**Exercise details:** Images are to be left out when the records below are printed word for word.

**Record extracts:**
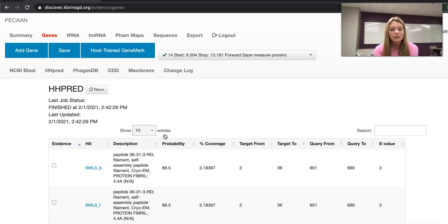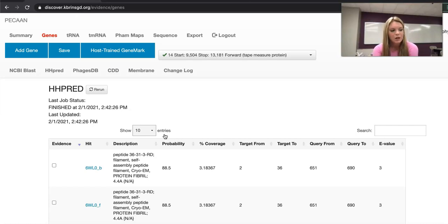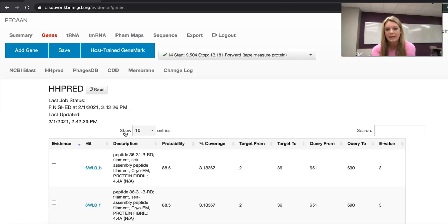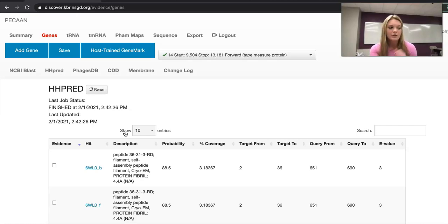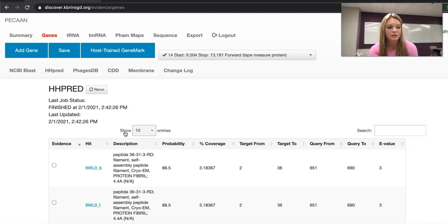The function of each gene being compared is listed on the main page of Pecan under HHPred. When a gene on the HHPred section has a function that is the same as the function called for the gene being annotated, it can be considered evidence for the called gene function of the annotated gene.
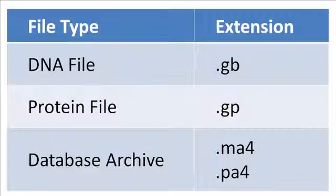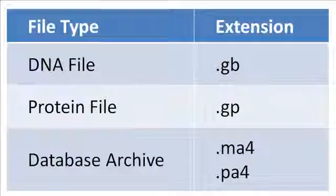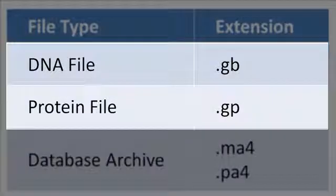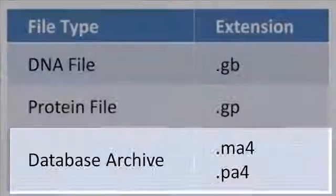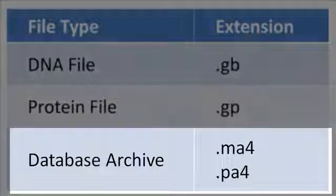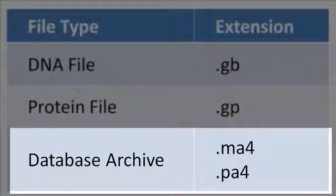SeqBuilder offers a one-step batch import of Vector NTI data and protein files, as well as Vector NTI database archives.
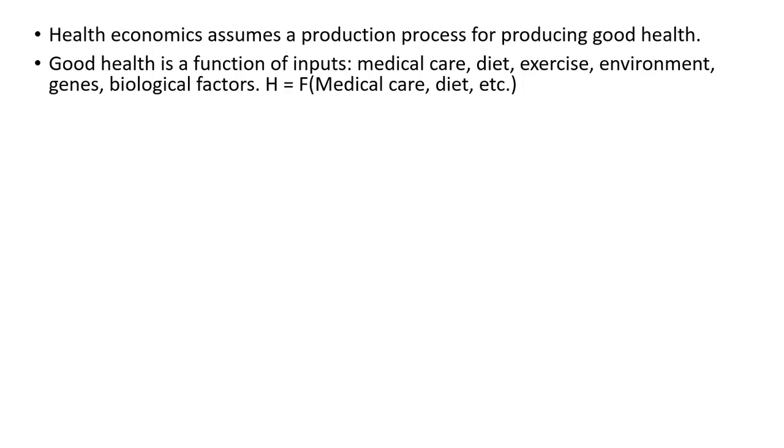Good health is a function of inputs. People take medical care, diet, exercise, environment, genes, and biological factors—all affect a person's health. So we can think of good health as a function of these various inputs.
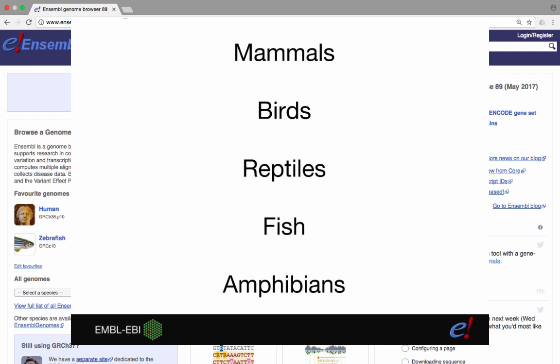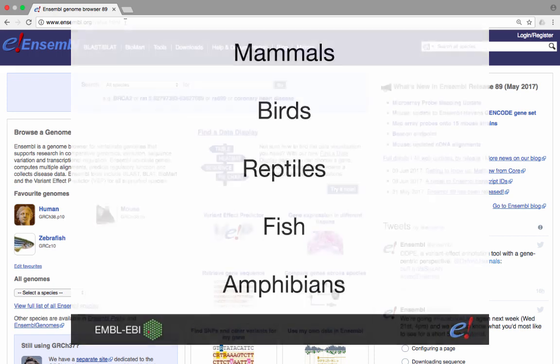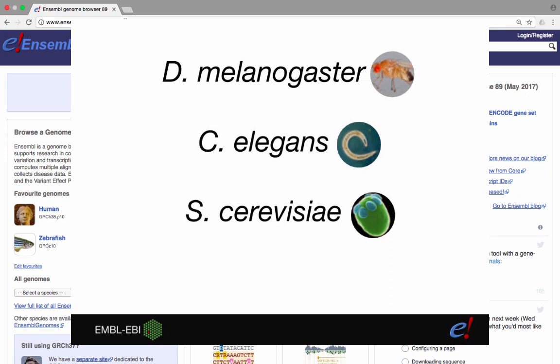Ensembl also presents gene annotation for a small number of non-vertebrate chordate species, such as the lamprey and sea squirt, as well as non-chordate species such as the fruit fly, C. elegans and Saccharomyces cerevisiae, which are species that are important model organisms and are used in our comparative analyses.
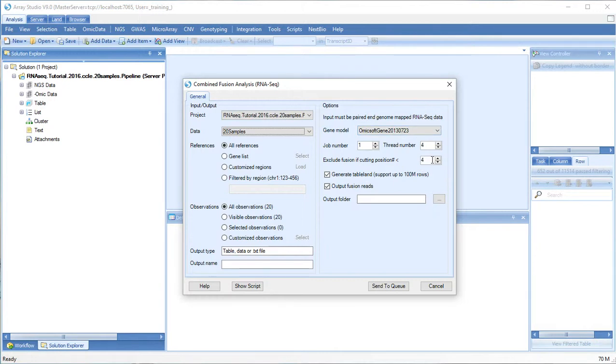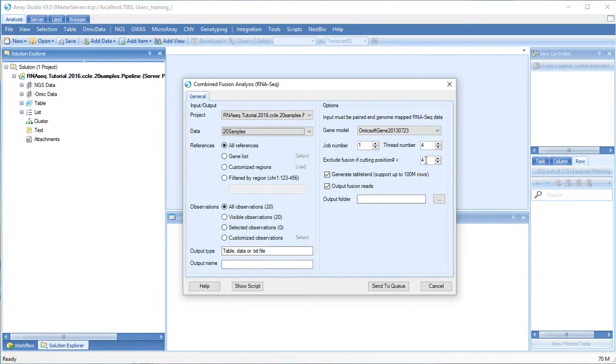By default fusion events will be reported if they have at least four different reads defined as where the read is cut to map to the different genomic locations. You can change this value depending on how stringent you want your search to be.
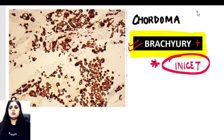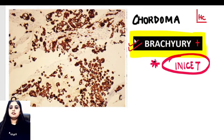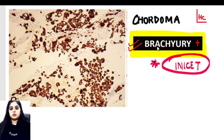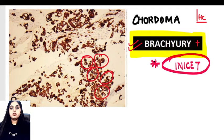Immunohistochemistry produces a brown color stain. So when immunohistochemistry with brachyury is performed on this tumor, the cells come out brown in color.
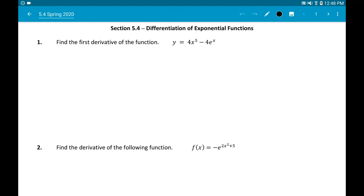All right everybody, this is the last section — Section 5 — for differentiation of exponential functions. To come up with the formula to derive an exponential function, it actually combines what we did in Section 5.3 on logarithmic functions along with something called implicit differentiation. Implicit differentiation was Section 3.3, which we cut out of the course due to the coronavirus situation. That said, we're just going to go ahead and give you the rule.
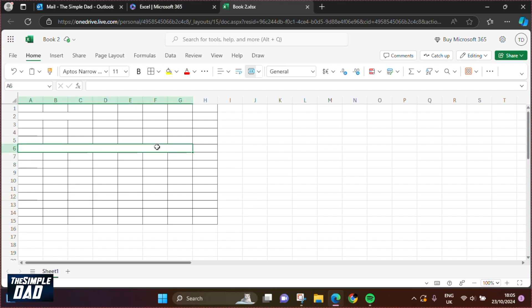So that when you start typing, this is only one cell. So there you go, guys. That is how to merge two cells together on Excel.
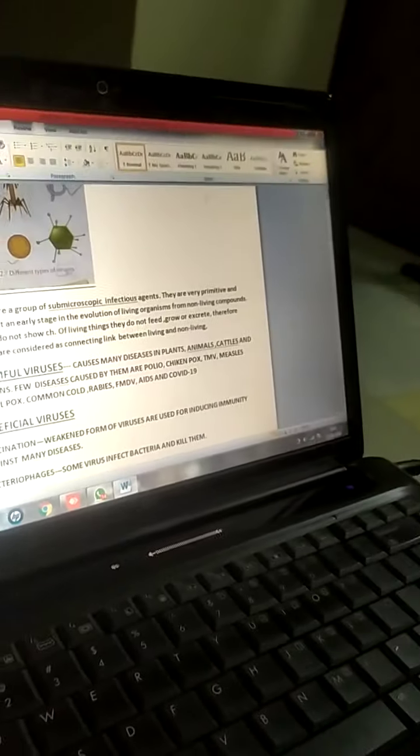This is known as bacteriophage. So we are going to stop our class here. In the next class, we are going to study another topic. Thank you. Have a nice day.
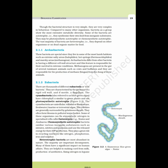There are thousands of different eubacteria or true bacteria. They are characterized by the presence of a rigid cell wall and, if motile, a flagellum.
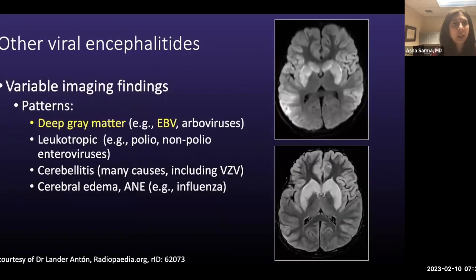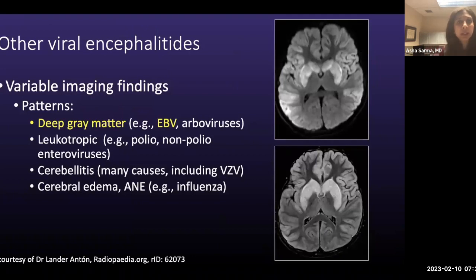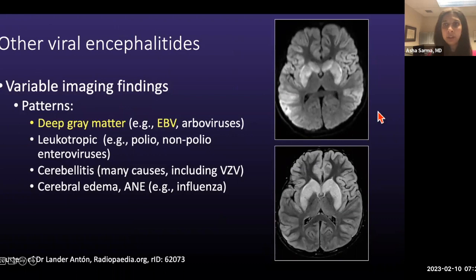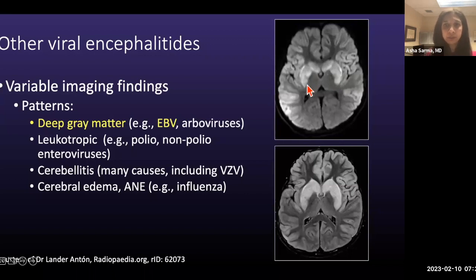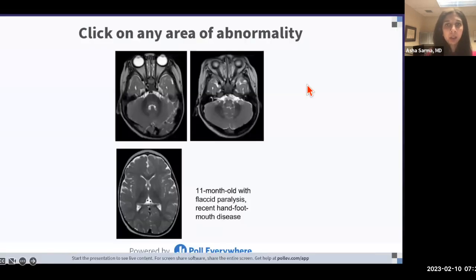Moving to other viral encephalitis: when there is symmetric involvement of the deep gray matter, as in this case posted on Radiopaedia, Epstein-Barr virus infection can produce a pattern like this. Arbovirus infections can also cause this pattern.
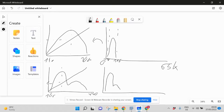What we want to do instead of having each image use its own minimum and maximum is to use the same minimum and maximum for all images. Specifically, we want the maximum of around 440 applied to both images, not just the one with the brightest cells.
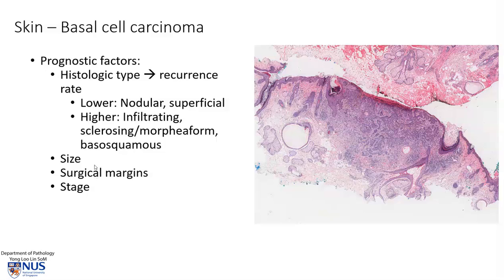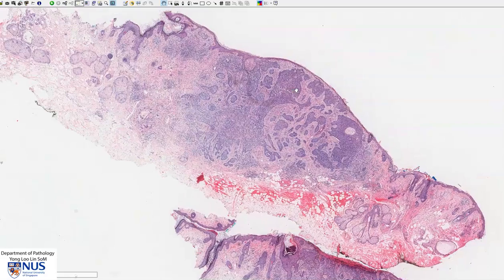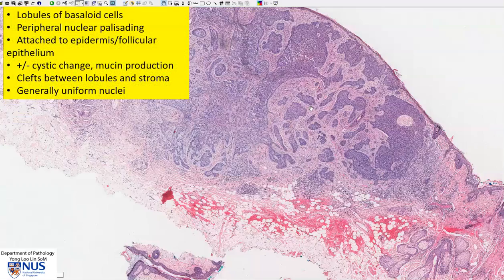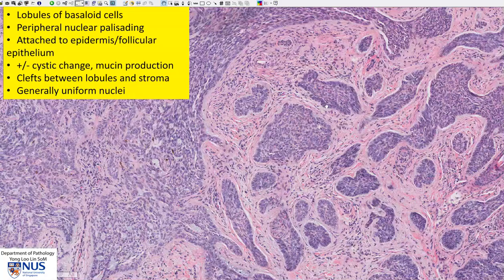Of course, the size, the status of the surgical margins, and the stage are also important. In summary, this is an example of basal cell carcinoma of the skin. This is the nodular type of BCC, which is one of the commonest types, and we can see that there are invasive islands of basaloid cells which are quite uniform.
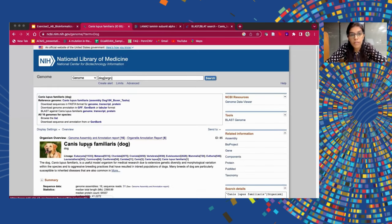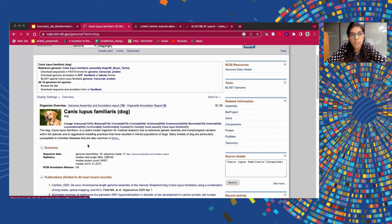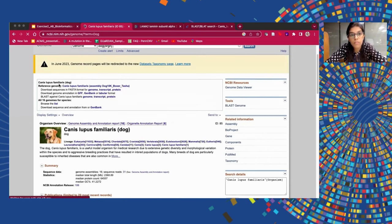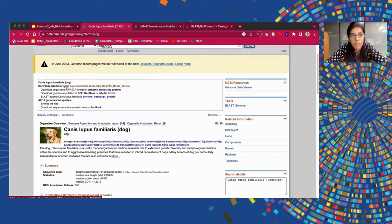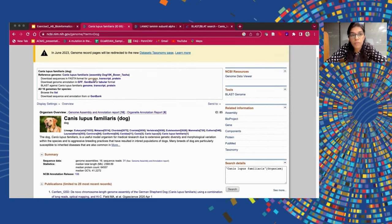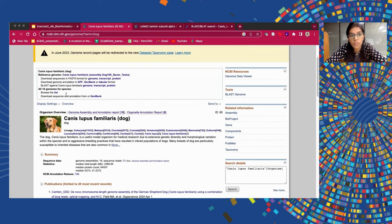Once we press enter, we can see a page which gives us basic details about the organism. The organism of our interest is dog, its scientific name is Canis lupus familiaris, and there is a reference genome already available. If we want to download the entire genome sequence, transcript sequence, or protein sequence of the reference genome, we can.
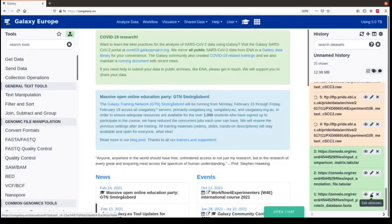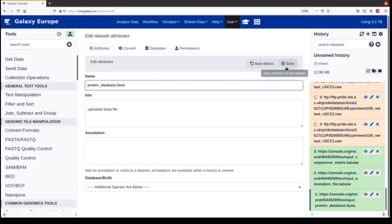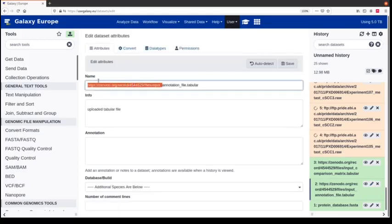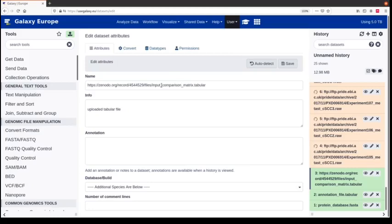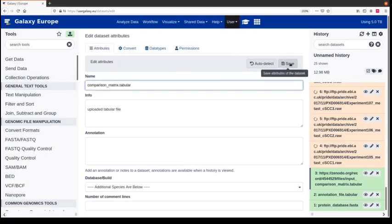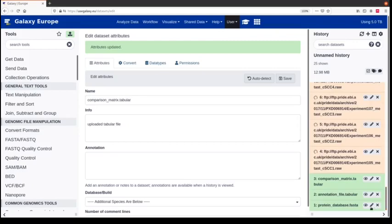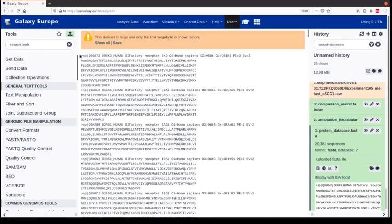Because of the Zenodo link, the files now have a weird name, so I will rename every one of them. To do so, I click on the pencil and remove the beginning of the file name. So we have here a protein database, an annotation file that we need for MSStats, and a comparison matrix that we need for MSStats. The raw files will take quite a while to load, so we can already look at these files here.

**Result:**
The function of each gene being compared is listed on the main page of Pecan under HHPred. When a gene on the HHPred section has a function that is the same as the function called for the gene being annotated, it can be considered evidence for the called gene function of the annotated gene.
SeqBuilder offers a one-step batch import of Vector NTI data and protein files, as well as Vector NTI database archives.
Good health is a function of inputs. People take medical care, diet, exercise, environment, genes, and biological factors—all affect a person's health. So we can think of good health as a function of these various inputs.
Ensembl also presents gene annotation for a small number of non-vertebrate chordate species, such as the lamprey and sea squirt, as well as non-chordate species such as the fruit fly, C. elegans and Saccharomyces cerevisiae, which are species that are important model organisms and are used in our comparative analyses.
By default fusion events will be reported if they have at least four different reads defined as where the read is cut to map to the different genomic locations. You can change this value depending on how stringent you want your search to be.
Immunohistochemistry produces a brown color stain. So when immunohistochemistry with brachyury is performed on this tumor, the cells come out brown in color.
All right everybody, this is the last section — Section 5 — for differentiation of exponential functions. To come up with the formula to derive an exponential function, it actually combines what we did in Section 5.3 on logarithmic functions along with something called implicit differentiation. Implicit differentiation was Section 3.3, which we cut out of the course due to the coronavirus situation. That said, we're just going to go ahead and give you the rule.
So that when you start typing, this is only one cell. So there you go, guys. That is how to merge two cells together on Excel.
This is known as bacteriophage. So we are going to stop our class here. In the next class, we are going to study another topic. Thank you. Have a nice day.
There are thousands of different eubacteria or true bacteria. They are characterized by the presence of a rigid cell wall and, if motile, a flagellum.
Moving to other viral encephalitis: when there is symmetric involvement of the deep gray matter, as in this case posted on Radiopaedia, Epstein-Barr virus infection can produce a pattern like this. Arbovirus infections can also cause this pattern.
What we want to do instead of having each image use its own minimum and maximum is to use the same minimum and maximum for all images. Specifically, we want the maximum of around 440 applied to both images, not just the one with the brightest cells.
Of course, the size, the status of the surgical margins, and the stage are also important. In summary, this is an example of basal cell carcinoma of the skin. This is the nodular type of BCC, which is one of the commonest types, and we can see that there are invasive islands of basaloid cells which are quite uniform.
Once we press enter, we can see a page which gives us basic details about the organism. The organism of our interest is dog, its scientific name is Canis lupus familiaris, and there is a reference genome already available. If we want to download the entire genome sequence, transcript sequence, or protein sequence of the reference genome, we can.
Because of the Zenodo link, the files now have a weird name, so I will rename every one of them. To do so, I click on the pencil and remove the beginning of the file name. So we have here a protein database, an annotation file that we need for MSStats, and a comparison matrix that we need for MSStats. The raw files will take quite a while to load, so we can already look at these files here.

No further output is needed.